The fake Lascaux, known as Lascaux II, is incredibly well done. It feels like a real cave and the exuberance of the animals, the colour and the liveliness has been caught. You see how the primitive painters understood perspective, something much later artists had trouble with. The entrance is set among the trees and there is a relative lack of commercial activity - just one little shop selling some postcards, a few books and T-shirts.
What is sometimes disappointing are the guides. They make you feel you are there to admire the paintings as you might a Vermeer or a Picasso. You are meant to marvel as the guide speculates as to how they might have been painted. There is little social or cultural context. Little or nothing about the lives of the people who painted the pictures. We are, however, told a lot about the theories as to why they were painted, which are all based on hunting magic and possible religious significance.
Frieze of horses
Lascaux is the most spectacular of the caves in the area, but far from the only one. At Cap-Blanc, only a few miles from Lascaux, was found a remarkable bas-relief carving of bison and a frieze of horses. Unlike at Lascaux, there is evidence that people lived within the overhang that protects the sculptures. This is not a portrait of individual animals, but of a herd. The artists knew how to compose and how to show movement; and at the bottom is what looks like a carving of a hand, which the guide suggested might have been the artist signing his or her work.
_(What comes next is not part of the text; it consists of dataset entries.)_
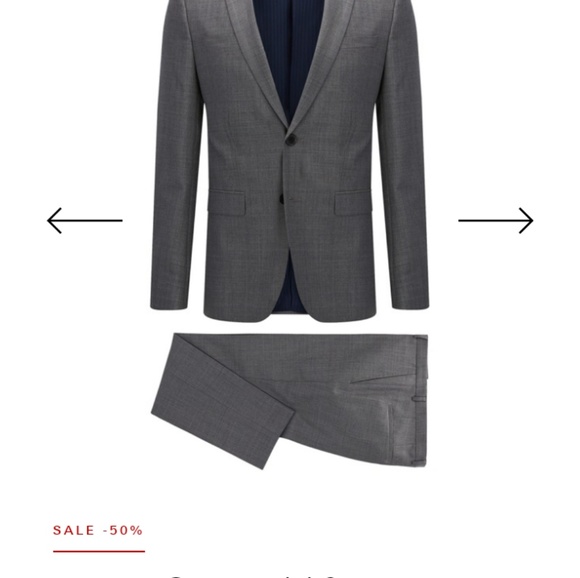 Hugo Boss suit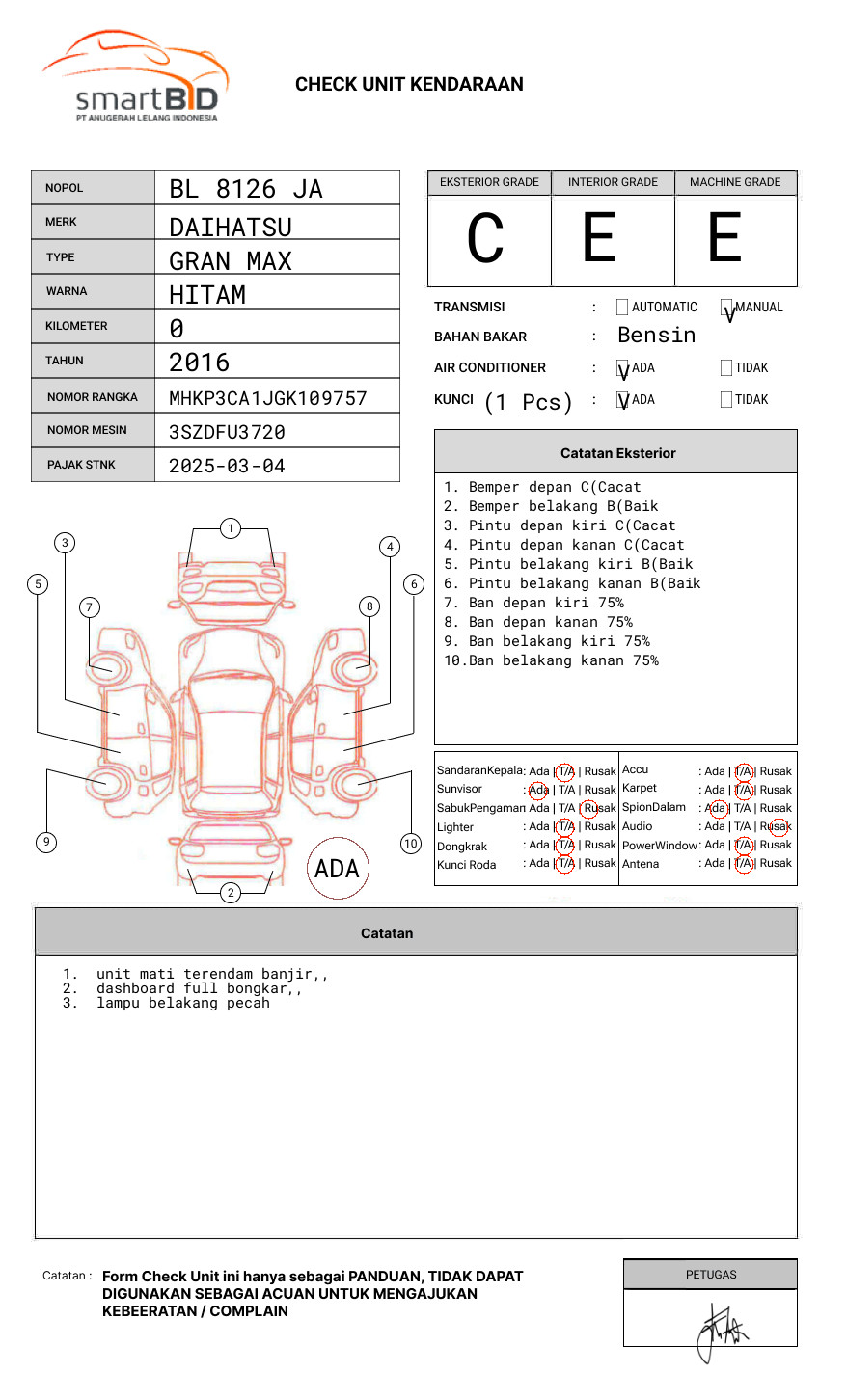 DAIHATSU  GRAN MAX  PICK-UP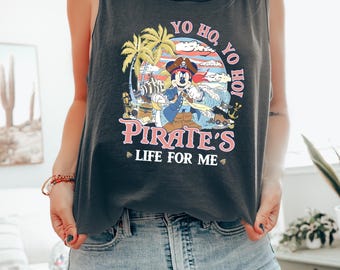 Camiseta sin mangas Mickey Pirates Life Mickey Mouse Pirates Life for Me Camiseta sin mangas Family Cruise Camiseta sin mangas Disney Cruise Boat Vacaciones de Disney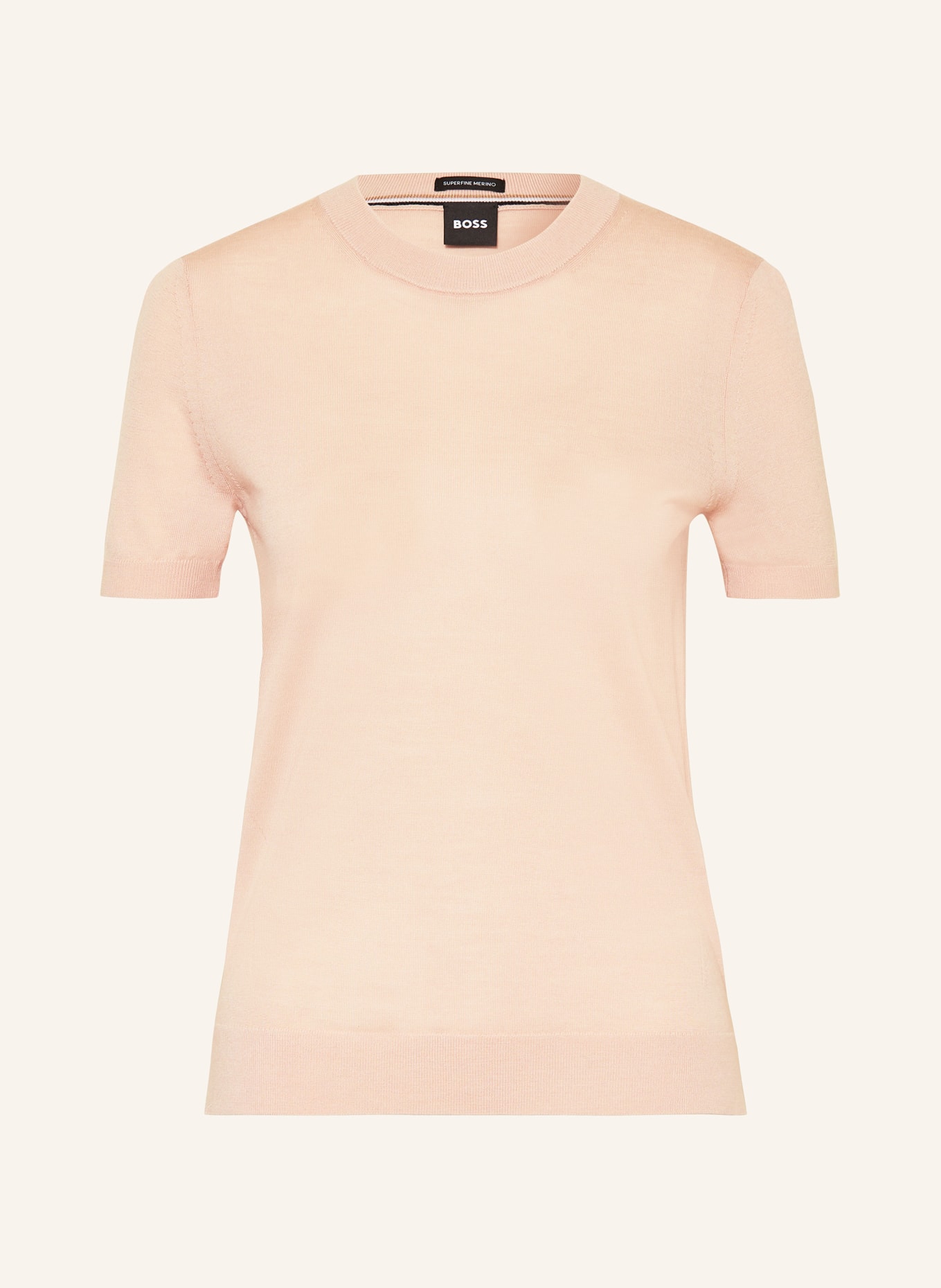 BOSS Strickshirt FALYSSIASI, Farbe: NUDE (Bild 1)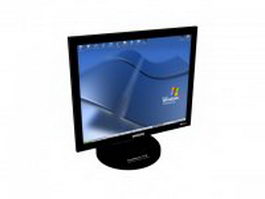 Samsung syncmaster monitor 3d model preview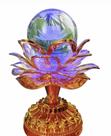 Flor De Lotus Toca 21 Mantras Com Luzes 7 Chakras Reiki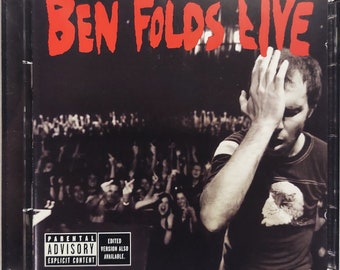 CD Used   2002 Vintage Alternative Rock Music by Ben Folds titled Ben Folds Live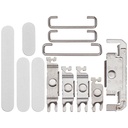 Boutons Power-Volume-Switch pour iPhone 16 et 16 Plus - Blanc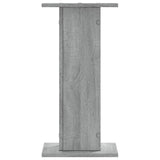 Supporti per Piante 2 pz Grigio Sonoma 30x30x60cm in Truciolato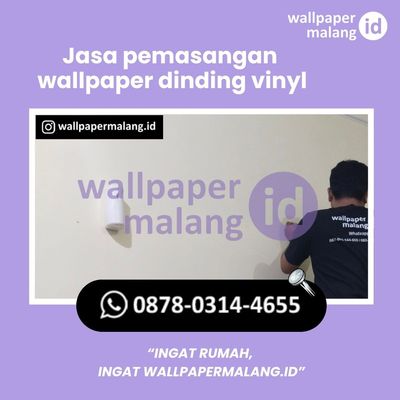 jasa pemasangan wallpaper dinding vinyl
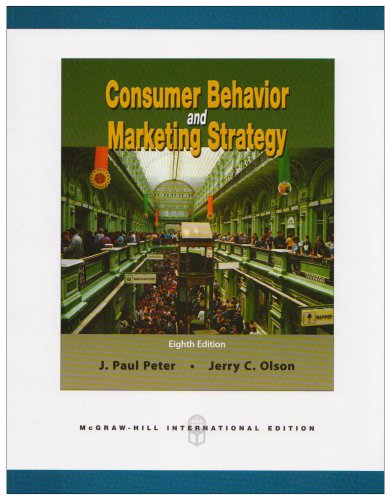 Imagen de archivo de Consumer Behavior and Marketing Strategy a la venta por Majestic Books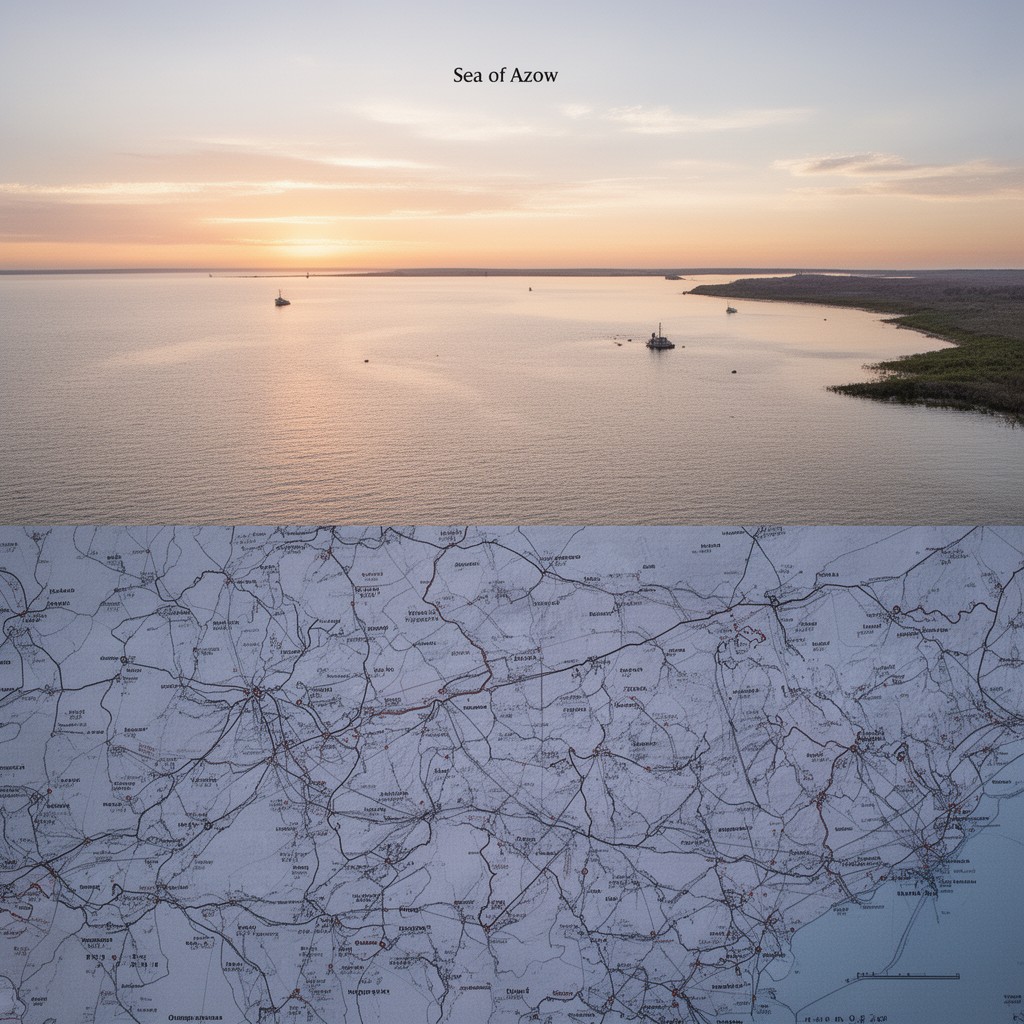 AI-generated illustration of Sea of Azov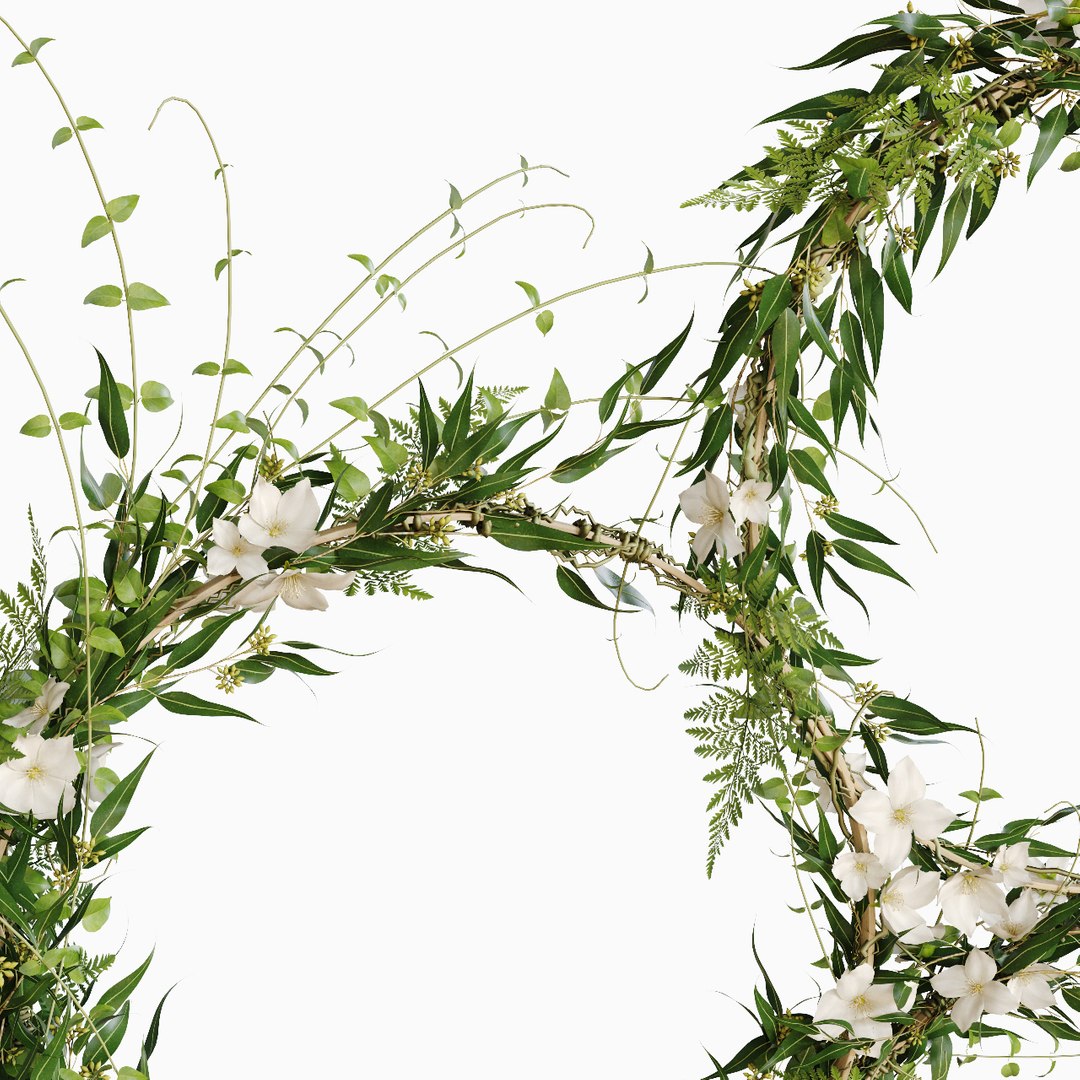 Green Wreaths Model - TurboSquid 1383474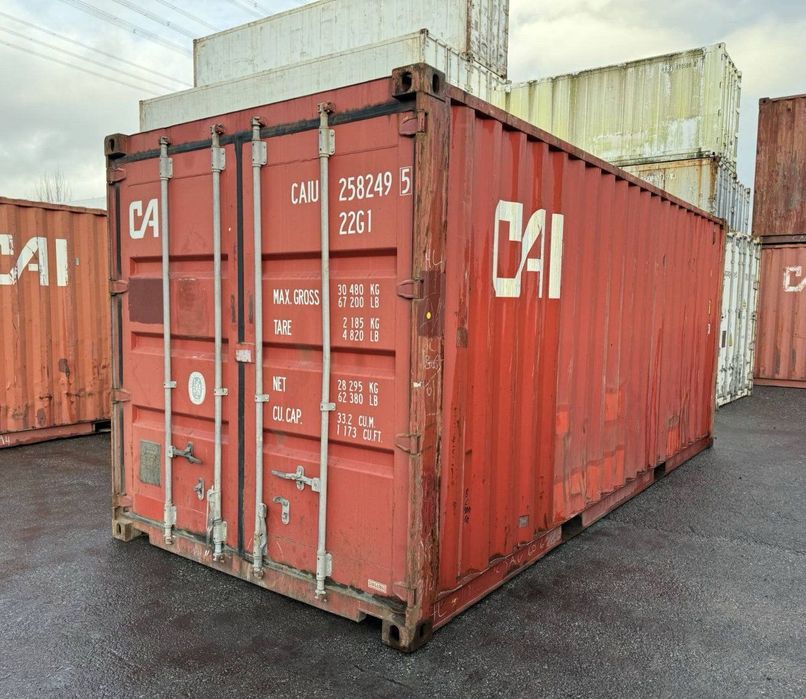 Kontener morski magazynowy 20DV 6 metrowy, używany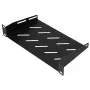 Extralink estante 1U para armarios de pared 10 negro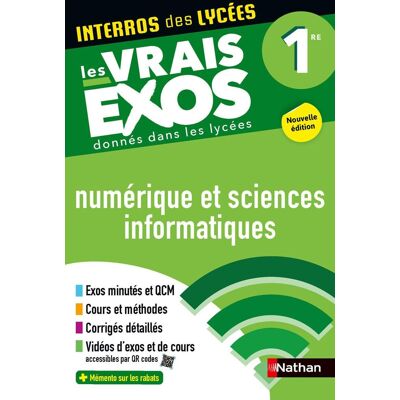 Stéphane Pasquet Numérique Et Sciences Informatiques 1re : Les Vrais Exos Donnés Dans Les Lycées - Publicité Stéphane Pasquet Numérique Et Sciences Informatiques 1re : Les Vrais Exos Donnés Dans Les Lycées - Publicité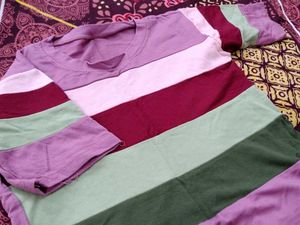 Striped short-sleeved T-shirt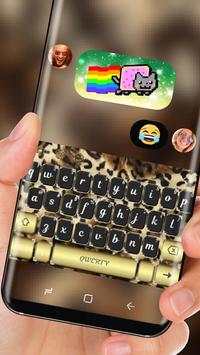 Leopard Pattern Keyboard Vintage Gold screenshot 3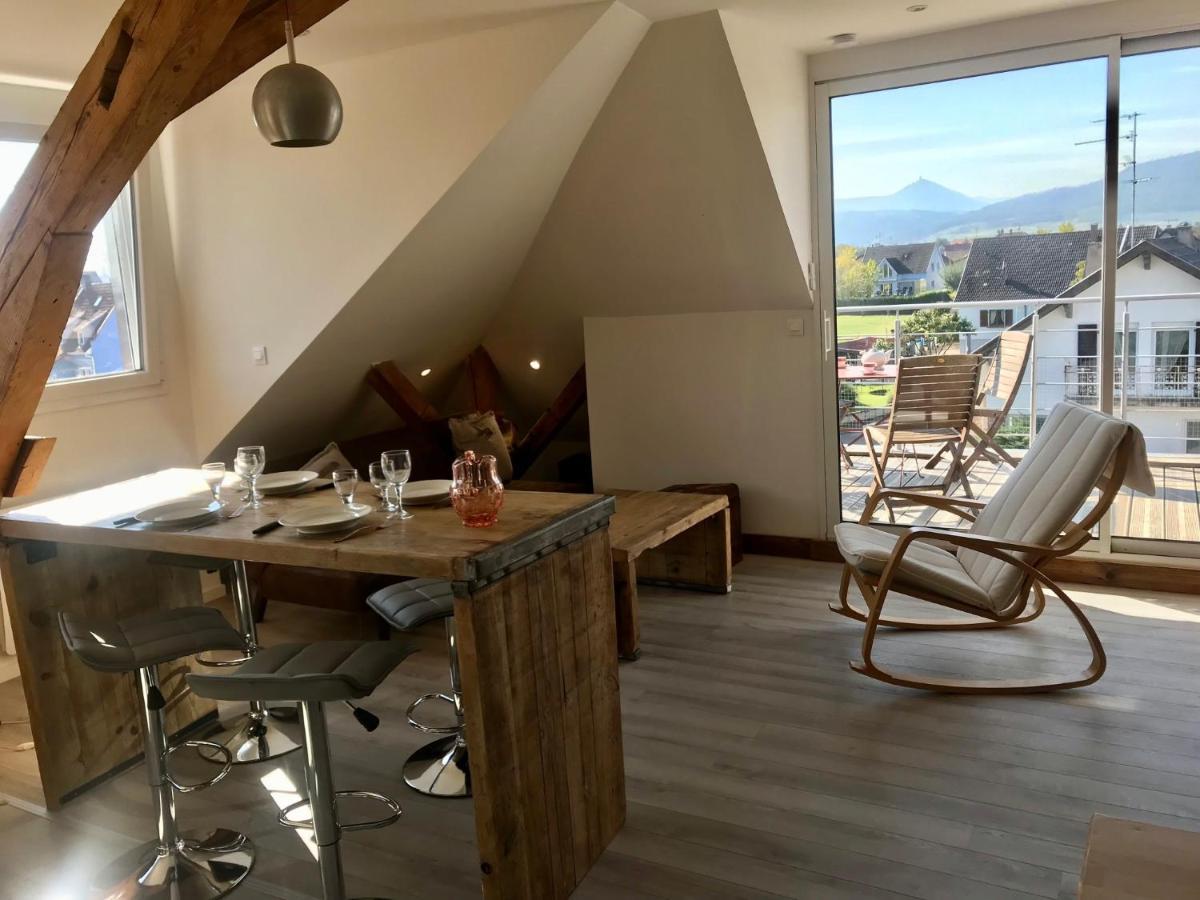 Appartement Chaleureux Et Lumineux Avec Vue ! Au Centre Alsace Selestat Luaran gambar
In high summer it can be difficult to get access to some of the caves. Only small groups are brought around at a time and booking must be done well in advance. It was because we could not get into Font de Gaume that we found the delightful small cave of Berifals. It was found in 1902 by the pre-historian Denis Payrony. Access is through a wood, up a rough path, and then through a green metal door. An elderly man with a powerful lamp acts as guide. You have to look hard; then, gradually you see small paintings, with incredible detail, some hidden away up narrow passages. Sometimes you wonder if some sort of auto-suggestion is at work as the guide points out a leg, a back and then a head of an animal. You wonder what he is talking about, then the lamp moves and the shadows change and there it is - a wonderful, detailed horse, or bison, with finely delineated eyes and mouth, just looking at you. Often the artists have used the natural shapes of the rock as part of an animal. There is a lot of tourist guff surrounding the cave paintings, though not at the caves themselves. Some guidebooks talk of prehistoric man choosing to live in the Dordogne because of its beauty and climate, as if he arrived seeking truffles and foie gras. The Dordogne, 17,000 to 20,000 years ago, was like Scandinavia.
Cro-Magnon man
Cro-Magnon man is so often represented as being bent over, with a low forehead and protruding jaw. He was not. He was upright and looked like modern man. In the otherwise highly touristic town of Les Eyzies is the wonderful National Prehistoric Museum. Here is the context that it so badly missing from the caves themselves. Here are the material remains, the evidence of industry, economy and culture. When you see this you start asking questions, rather than just being surprised at how clever early man could be. It is then you start to wonder why people feel the need to produce art, about how we define primitivism.
Maybe the cave paintings had nothing to do with magic or religion. Maybe our ancestors just liked painting. Maybe they simply enjoyed representing their world and looking at what they had made.